Leave aside the President and VP at the ends for a moment. We must place the other 10 colored napkins in the 10 possible spots. Clearly we have 3 identical Blue, 5 identical Purple and 2 identical White. For each of the 10! ways of placing the 10 physically separate napkins there are 3!*5!*2! (-1) other placements which appear identical. Therefore there are 10!/(3!*5!*2!) ways of arranging the 10 colored napkins. This should be multiplied by the ways of placing the Presidential and VP napkins.

• Now the staff is told that they should not seat any two of the University of Toronto representatives across from one another. How many ways to arrange the napkins with this additional restriction.

Just count how many arrangements do involve having two Blue napkins directly across from one another and then subtract this quantity from answer in the previous part.
We can argue this way. Again 2 ways to place Presidential napkins. Five ways to place 2 Blue napkins across from each other. 8 ways to place the remaining Blue napkin (these are all distinguishable by the location of where there are two facing Blue napkins). 7 seats remain without napkins, so we have 7!/(5!*2!) of placing remaining. Therefore there are 2*5*8*(7!/(5!*2!)) ways of placing the napkins so there are 2 Blues across from each other.
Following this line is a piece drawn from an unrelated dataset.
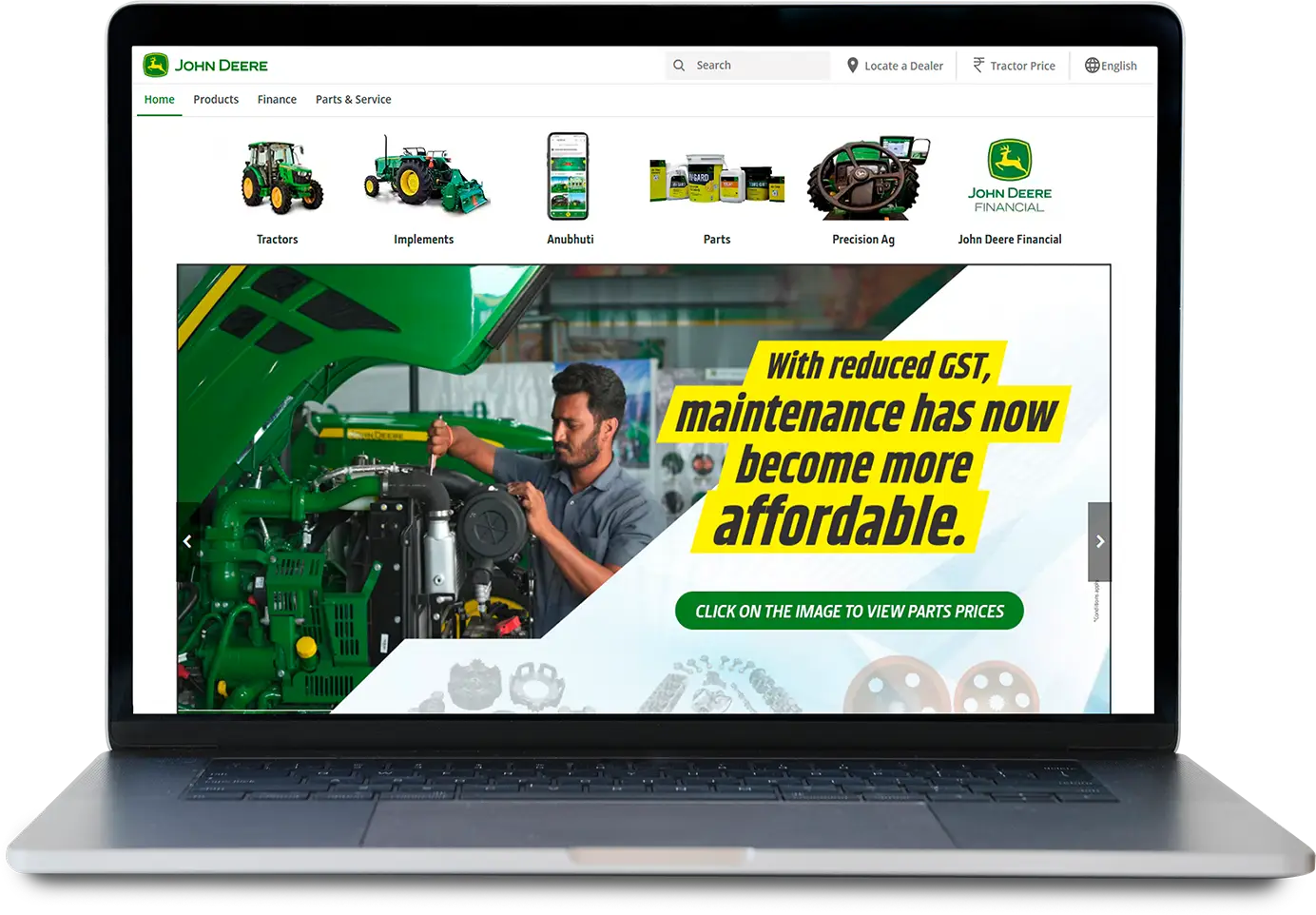 Laptop Image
2. Recall that Pascal's Identity is the assertion that for integers
`  n>= k > 0  `

C(n+1,k) = C(n,k-1) + C(n,k) .

Give a combinatorial proof of this identity.

Well you have seen the proofs. Your proof must adequately mention sets, partitions, and correspondences between sets.
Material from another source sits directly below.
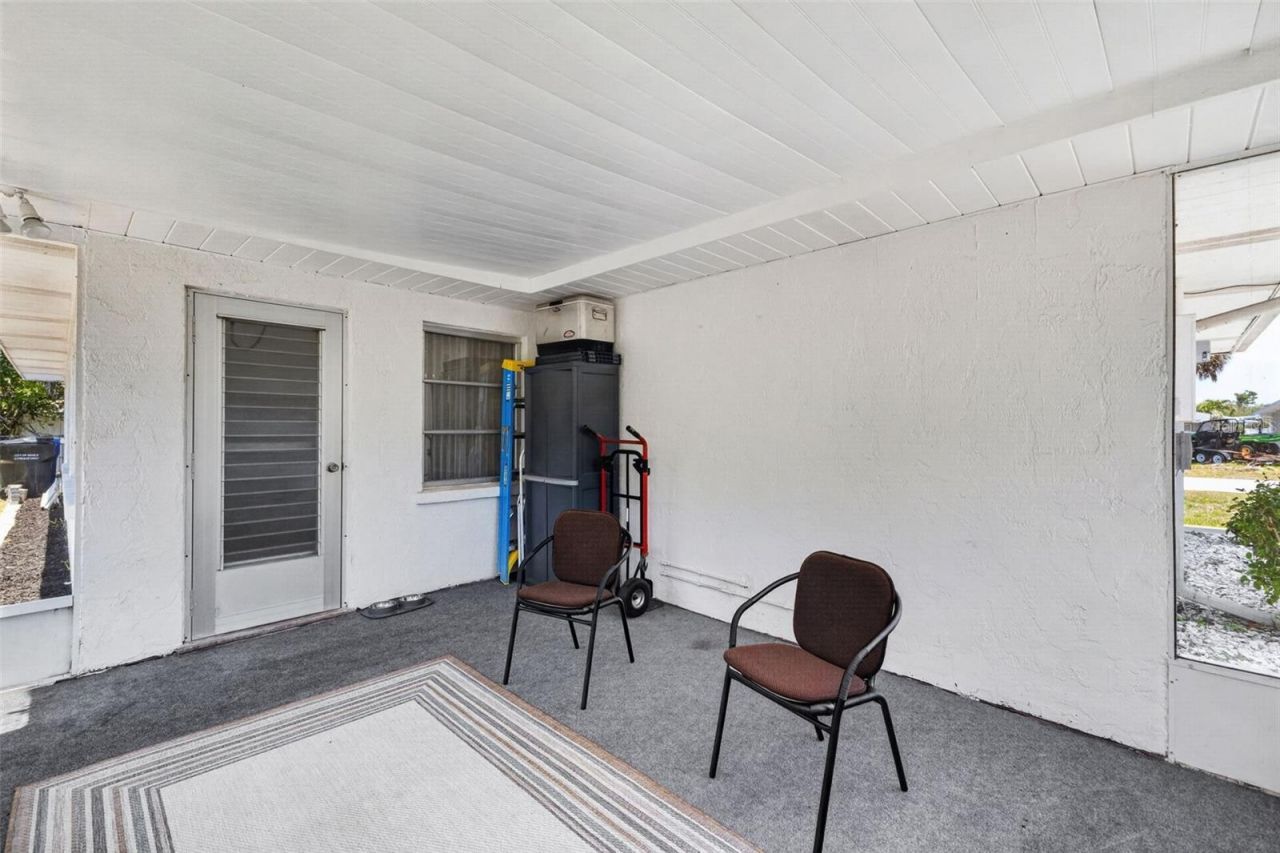 1417 Terrace Drive , Venice, FL 34285 Photo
3. In this question we will have a recursively defined function H which will assign to every bit string w some other bit string H(w). Your ultimate goal is to simply tell me what the value of
w = H(01001100011100001111000001111100000011111100000001111111).

However I certainly do not want you to carry out the operation of H on the above string, rather I want you to formulate a verbal description of what H does to a string and prove, by induction, that this is the case.
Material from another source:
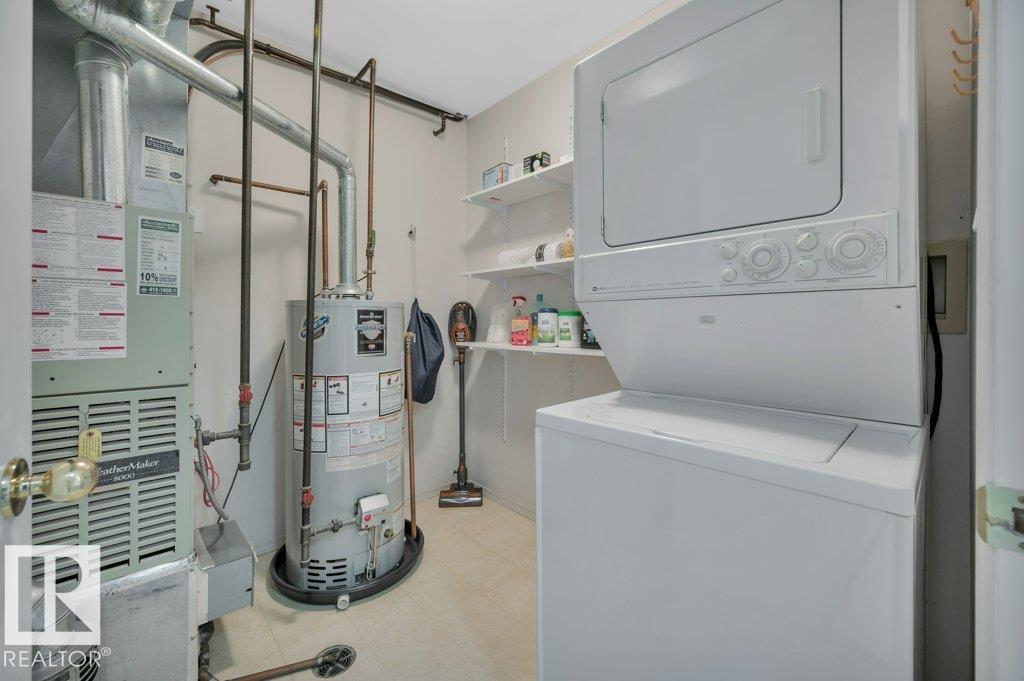 #411 65 Gervais Rd, St. Albert, Alberta  T8N 6H6 - Photo 28 - E4457712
Here is the definition of H:

H(lambda)= lambda where lambda is the empty string,

for a string s, here are the values of H(s 0) and H(s 1):
H(s 0) = H(s)

`  and   `
H(s 1) = 1 H(s) 1

If you didn't figure out what H is doing you haven't yet come to grips with recursion. Or more to the point you are not thinking of bit strings recursively. A bit string is a sequence of 0's and 1's (of course). The rules for H are telling you that if a bit string ends in a 0, then erase the 0 and compute H applied to the shorter string. If a string ends in a 1, figure out what H applied to the shorter string (with the 1 removed from the end) gives you, take that result and surround it by 1's. Hence, as stated on the test:
H(101) = 1 H(10) 1 = 1 H(1) 1 = 1 11 1

Thinking about this a bit more: H simply erases all the 0's in a bit string and doubles the number of 1's. Well this is our conjecture. Let P(n) denote the statement
If s is a bit string with n bits, then H(s) is the bit string consisting of 2j 1's where j is the number of occurences of 1 in s

We prove P(n) is true by induction. P(0) is true by inspection. Assume P(n) is true and let w be an arbitrary bit string of length n+1. There are two cases: First w could have the form s 0 and Second, w could have the form s 1. Clearly in both cases, s has length n, hence we know about H(s).

Let j be the number of occurences of 1 in w. In the first case j is also the number of occurences of 1 in s. By definition, H(w) = H(s) and by inductive assumption, we know that H(s) consists of the string of 2j 1's. This is exactly what we want to prove about H(w).

Now in the second case, we notice that s has exactly j-1 occurences of 1. Therefore H(s) is the string consisting of 2(j-1) 1's. Since H(w)= 1 H(s) 1, we see that H(w) consists of 2+ 2(j-1) = 2j 1's as required.